Once No. 1 pick, Bennett now Cavs' No. 1 problem
NEW YORK -- They leaned against a padded wall in the back of the gym at Baruch College on Thursday morning, the maligned No. 1 pick and the even more maligned executive who drafted him. Some days it's difficult to discern who is under more pressure, Cavaliers rookie forward Anthony Bennett or general manager Chris Grant, the man who badly needs Bennett to deliver.
It has been seven months since Grant surprised everyone by selecting Bennett first overall in the 2013 draft, and the results haven't been pretty. The 20-year-old is averaging 2.8 points and has the worst Player Efficiency Rating (2.35) among 334 players in the league. He has racked up 12 DNP-CDs. He has made a minimal impact with the exception of a 15-point, eight-rebound effort against New Orleans on Tuesday. In a forgettable 23-minute stint against the Knicks on Thursday, Bennett committed three fouls in his first six minutes, which included two truly defenseless possessions where J.R. Smith and Carmelo Anthony blew right past him.

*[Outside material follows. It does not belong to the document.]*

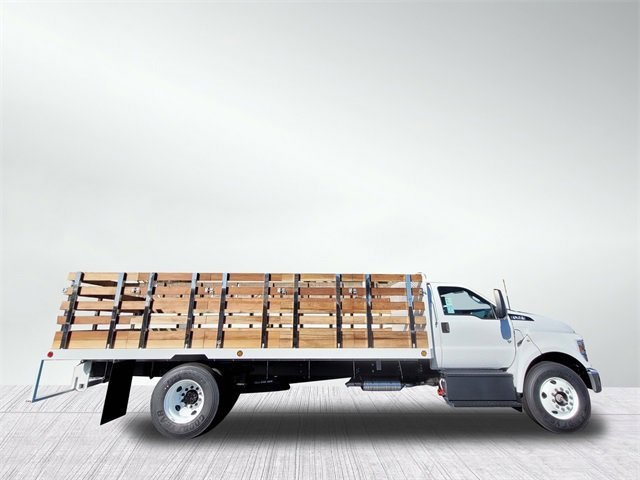2024 Ford F-650 photo 4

With a hole at center, Grant passed on Maryland's Alex Len and Kentucky's Nerlens Noel to take Bennett, and this is what he has to show: a player without a position, a dynamic college offensive talent who is losing confidence by the day. Scouts who have watched the Cavaliers regularly say Bennett looks lost on offense, often thinking when he should be reacting, a shadow of the player who tormented the Mountain West Conference at UNLV. Bennett missed the first 16 shots of his NBA career and even Cavaliers coach Mike Brown admits his lack of offensive rhythm has rattled him.

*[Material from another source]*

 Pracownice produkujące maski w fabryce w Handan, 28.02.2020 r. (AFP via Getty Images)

"My thing with him is, 'I don't care if you make a single shot,' " Brown said. "Just keep playing."
But he can't play, for no other reason than Brown has shown little interest in playing him. A torn labrum kept Bennett out of most offseason activities and caused him to be, Bennett estimates, 13-15 pounds overweight in training camp. With a mandate to make the playoffs, Brown has been unwilling to let Bennett play himself into shape.
"In the summertime, that's when a lot of young guys have the opportunity to get hit in the head a little bit and figure out how hard [the NBA] is going to be," Brown said. "In training camp, everyone is out on the floor playing together so you don't feel the impact of how hard it's going to be until the season gets going. In the summertime, as the No. 1 pick, a lot of focus and attention would have been on him in summer league games. People would have been going after him. He would have had a chance to work out some of the kinks. It is what it is."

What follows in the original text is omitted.